Given the growing popularity of RISC-V in the embedded systems market, it becomes crucial to address the potential security risks associated with the increasing number of devices. This blogpost series aims to provide a comprehensive exploration of RISC-V assembly language fundamentals, enabling readers to understand its core concepts and functionalities. We will begin by delving into the basics of RISC-V assembly, laying a solid foundation for subsequent discussions. In future blog posts, we will focus on setting up the development environment and tools required for writing and compiling assembly code. Furthermore, we will explore practical examples such as crafting basic shellcode and testing it on simple buffer overflow vulnerabilities. Additionally, we will dive into the creation of various shellcode variations, including shell spawning and reverse TCP shells, to expand our understanding and practical skills in this domain.

#Brief overview of RISC-V architecture

RISC-V is an open-source instruction set architecture (ISA) that is designed to be simple, modular, and extensible.
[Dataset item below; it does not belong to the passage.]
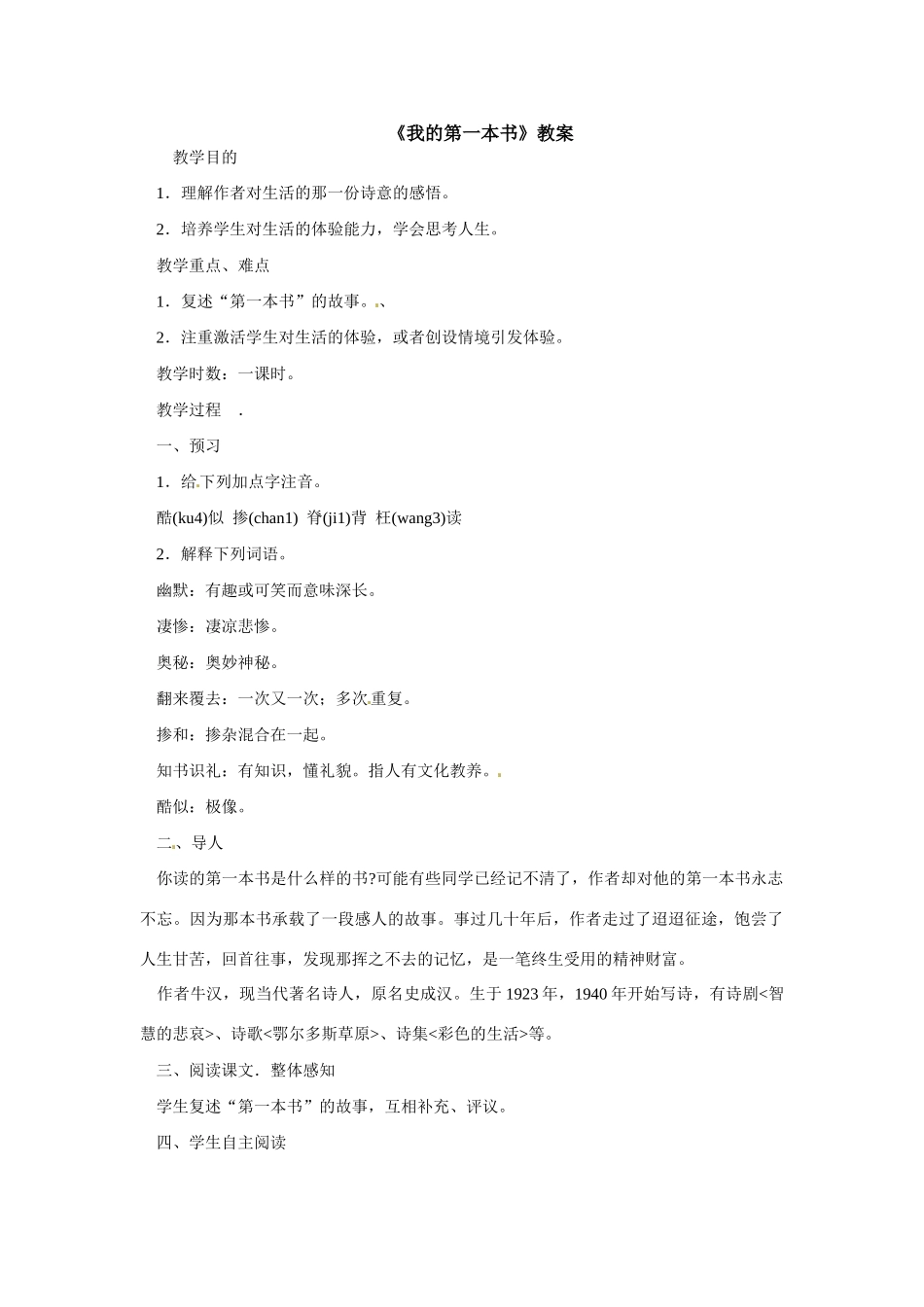 八年级语文下册第3课《我的第一本书》教案鲁教版_第1页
It was developed at the University of California, Berkeley, and has gained significant attention and adoption in both academia and industry.

Key features of RISC-V architecture include:

Instruction Set: RISC-V follows the Reduced Instruction Set Computing (RISC) philosophy, which means it has a minimalistic and streamlined set of instructions. The base RISC-V instruction set is divided into several standard instruction sets, ranging from a small subset suitable for embedded systems to more comprehensive sets for general-purpose computing.
Bit Widths: RISC-V supports both 32-bit and 64-bit instruction set variants. The 32-bit variant is commonly used in resource-constrained embedded systems, while the 64-bit variant provides increased address space and computational capabilities for general-purpose computing.
Register File: RISC-V has a standard set of general-purpose registers, typically 32 in number for 32-bit variants and 64 for 64-bit variants. These registers are used to hold data during program execution and serve as the primary operands for arithmetic and logical operations.
Memory Model: RISC-V employs a simple and flexible memory model. It supports a flat memory space where data and instructions are stored. Memory accesses are performed through load and store instructions, which transfer data between registers and memory.
Exception Handling: RISC-V provides mechanisms for handling exceptions, such as interrupts, system calls, and other events that require special attention. The architecture defines a set of exception codes and specifies how the processor should respond to these events.
Privilege Levels: RISC-V supports multiple privilege levels to enforce different levels of access and protection. These levels include user mode, supervisor mode, and machine mode. Each privilege level has its own set of instructions and privileges.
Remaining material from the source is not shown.